News

Canada to again fund clearing of cluster bombs in Laos

Canada is planning to answer a plea by the tiny South Asian country of Laos and restart funding to help it clear the deadly remnants of the millions of cluster bombs that were dropped on the nation during the Vietnam War and still litter the country, The Canadian Press has learned.

Funding was halted in 2012, but Foreign Affairs Minister John Baird to renew commitment Tuesday

Millions of tonnes of bombs were dropped on Laos during the Vietnam War. Much of it didn't exploded and still litters the country, posing a danger for its residents and earning Laos the dubious status of being the most heavily cluster bombed country on the planet.
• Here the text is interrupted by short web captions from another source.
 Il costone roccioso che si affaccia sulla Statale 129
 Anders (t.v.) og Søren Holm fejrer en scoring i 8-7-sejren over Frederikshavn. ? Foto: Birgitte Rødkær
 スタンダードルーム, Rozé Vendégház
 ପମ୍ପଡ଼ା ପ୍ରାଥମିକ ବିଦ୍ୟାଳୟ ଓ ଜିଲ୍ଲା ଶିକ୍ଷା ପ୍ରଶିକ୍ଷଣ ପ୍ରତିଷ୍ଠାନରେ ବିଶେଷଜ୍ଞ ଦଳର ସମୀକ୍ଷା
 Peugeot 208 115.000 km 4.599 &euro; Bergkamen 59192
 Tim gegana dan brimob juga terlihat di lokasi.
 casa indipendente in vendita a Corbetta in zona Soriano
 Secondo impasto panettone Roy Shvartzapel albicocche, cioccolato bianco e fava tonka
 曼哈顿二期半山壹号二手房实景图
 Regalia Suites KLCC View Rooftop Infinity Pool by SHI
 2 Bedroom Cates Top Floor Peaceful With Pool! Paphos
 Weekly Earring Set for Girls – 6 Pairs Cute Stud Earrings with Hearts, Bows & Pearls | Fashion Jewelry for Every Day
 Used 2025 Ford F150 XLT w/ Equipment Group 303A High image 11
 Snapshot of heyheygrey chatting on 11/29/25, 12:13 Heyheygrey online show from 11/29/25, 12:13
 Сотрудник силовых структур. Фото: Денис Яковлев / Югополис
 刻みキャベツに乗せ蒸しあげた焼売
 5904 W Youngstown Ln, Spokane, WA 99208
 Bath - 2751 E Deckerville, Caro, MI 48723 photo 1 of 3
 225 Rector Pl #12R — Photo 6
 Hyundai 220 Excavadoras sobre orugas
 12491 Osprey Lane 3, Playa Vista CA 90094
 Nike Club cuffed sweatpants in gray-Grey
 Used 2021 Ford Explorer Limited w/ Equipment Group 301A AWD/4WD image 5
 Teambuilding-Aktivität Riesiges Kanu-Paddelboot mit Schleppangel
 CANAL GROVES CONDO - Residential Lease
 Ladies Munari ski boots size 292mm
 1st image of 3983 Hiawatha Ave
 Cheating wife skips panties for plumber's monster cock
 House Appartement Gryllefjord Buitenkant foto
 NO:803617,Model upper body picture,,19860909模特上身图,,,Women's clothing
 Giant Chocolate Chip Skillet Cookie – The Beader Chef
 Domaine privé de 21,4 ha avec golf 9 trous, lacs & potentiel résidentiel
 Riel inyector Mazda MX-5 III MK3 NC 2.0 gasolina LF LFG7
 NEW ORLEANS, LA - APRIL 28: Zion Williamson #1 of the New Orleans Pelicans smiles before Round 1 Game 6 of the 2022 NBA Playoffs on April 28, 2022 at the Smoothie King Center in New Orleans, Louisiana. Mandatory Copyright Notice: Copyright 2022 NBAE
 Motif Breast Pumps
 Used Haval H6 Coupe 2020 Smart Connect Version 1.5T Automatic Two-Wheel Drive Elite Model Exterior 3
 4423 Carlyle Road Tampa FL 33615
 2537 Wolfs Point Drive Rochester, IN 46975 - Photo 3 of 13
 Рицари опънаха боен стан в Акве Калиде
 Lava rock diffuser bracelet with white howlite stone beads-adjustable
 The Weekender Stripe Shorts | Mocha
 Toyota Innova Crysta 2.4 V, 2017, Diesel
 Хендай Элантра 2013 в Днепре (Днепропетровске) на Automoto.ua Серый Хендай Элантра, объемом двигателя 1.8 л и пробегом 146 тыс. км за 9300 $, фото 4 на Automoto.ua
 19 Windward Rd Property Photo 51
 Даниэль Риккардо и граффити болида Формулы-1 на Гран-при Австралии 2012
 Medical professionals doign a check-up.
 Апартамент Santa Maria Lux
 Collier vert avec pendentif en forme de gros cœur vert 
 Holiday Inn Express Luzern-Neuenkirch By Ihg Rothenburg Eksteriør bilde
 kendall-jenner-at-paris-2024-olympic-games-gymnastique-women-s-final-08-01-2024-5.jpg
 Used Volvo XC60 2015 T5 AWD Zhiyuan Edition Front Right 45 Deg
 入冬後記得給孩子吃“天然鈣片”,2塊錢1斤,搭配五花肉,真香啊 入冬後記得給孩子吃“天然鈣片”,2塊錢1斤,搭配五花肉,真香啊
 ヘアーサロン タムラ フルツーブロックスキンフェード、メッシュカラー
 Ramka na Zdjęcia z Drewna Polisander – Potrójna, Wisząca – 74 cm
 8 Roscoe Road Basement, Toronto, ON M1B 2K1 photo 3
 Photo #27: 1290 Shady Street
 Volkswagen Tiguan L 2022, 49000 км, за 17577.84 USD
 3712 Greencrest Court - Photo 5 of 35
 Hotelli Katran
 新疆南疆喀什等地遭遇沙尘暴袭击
Here, a deminer looks for signs of unexploded ordnance in Marknownay. (Paul Chiasson/Canadian Press)

Canada is planning to answer a plea by the tiny South Asian country of Laos and restart funding to help it clear the deadly remnants of the millions of cluster bombs that were dropped on the nation during the Vietnam War and still litter the country, The Canadian Press has learned.

Foreign Affairs Minister John Baird is to announce a $1-million contribution, to be managed through a United Nations agency, during a trip to Laos on Tuesday.

Canada cut its funding to the international effort to help clear cluster munitions from Laos in 2012 after contributing more than $2 million between 1996 and 2011.

The announcement comes after The Canadian Press travelled to Laos this past spring to document the country's chronic cluster bomb problem, a modern-day legacy of the Vietnam War.

In a series of interviews in the normally closed communist country, senior Laotian government officials urged Canada to return with whatever financial support it could offer to help with its annual $30-million international effort to clear the unexploded ordnance, known as UXO.

Laos is the most cluster bomb-contaminated country in the world on a per capita basis.

Millions of bomblets never exploded

American B-52 bombers dropped two million tonnes of bombs on Laos over nine years, including 270 million fist-sized bomblets, 80 million of which failed to explode.

The small, brightly coloured submunitions, known as bombies or bomblets, continue to litter the country, injuring and maiming innocent civilians, often children.

There are an estimated 12,000 cluster bomb victims and their families living in Laos, Vietnam's tiny landlocked neighbour of six million people.

Baird is to announce the renewed Canadian funding in Vientiane, the Laotian capital, at a government-run health and rehab facility called the Cope Centre that also contains a small but powerful museum that describes the cluster bomb problem.

Sources familiar with the details surrounding the announcement say Baird will announce $500,000 each for two UXO clearance operators based in Laos. They are the British-based Mines Advisory Group and the country's own homegrown clearance operator, UXO Lao.

The $1 million will be administered through a United Nations Development Program trust fund.

Officials urged Canada to restart funding

The deputy director of UXO Lao had effusive praise for Canada's past funding of the sector during an interview earlier this year, but was one of several officials urging Canada to restart funding.

"Maybe there's some other internal issue the Canadian people consider more important to resolve," said Wanthong Khamdala. "But I'd like to request to the Canadian government to consider again to support."

Baird's announcement will take place in the Cope Centre, which former U.S. Secretary of State Hillary Clinton visited in July 2012 on her historic visit to Laos.

Clinton met Phongsavath Manithong, who lost both his hands and was blinded by a cluster bomb on his 16th birthday in February 2008.

Phongsavath told The Canadian Press in a lengthy interview at the centre earlier this year that his country needs more financial help to assist victims of cluster bombs.

"We need more help from the American government," he said. "They are a rich country. That's not enough to help the disabled people, the survivors."

Bill to ratify convention includes out clause for Canada

Canada is a signatory but has yet to ratify the international treaty that seeks to ban cluster bomb use.

Canada faces heavy international criticism for the bill that it has tabled in Parliament that would ratify the Convention on Cluster Munitions, or CCM.

It contains a provision that would allow the Canadian Forces to be involved in the use of cluster bombs in joint operations with the United States, which has opted out of the convention.

The bill fell into limbo in June when the House of Commons adjourned.

Participants at a major international meeting of states that are parties to the cluster bomb convention last month in Zambia renewed calls on the government to amend the bill and close the loophole.

"The government's draft implementation legislation is out of step with the impressive progress being made by this treaty" said Paul Hannon, executive director of Mines Action Canada.

"When Parliament returns, it needs to amend Bill S-10 to send a strong message that Canada will never support the use of cluster munitions by anyone anywhere."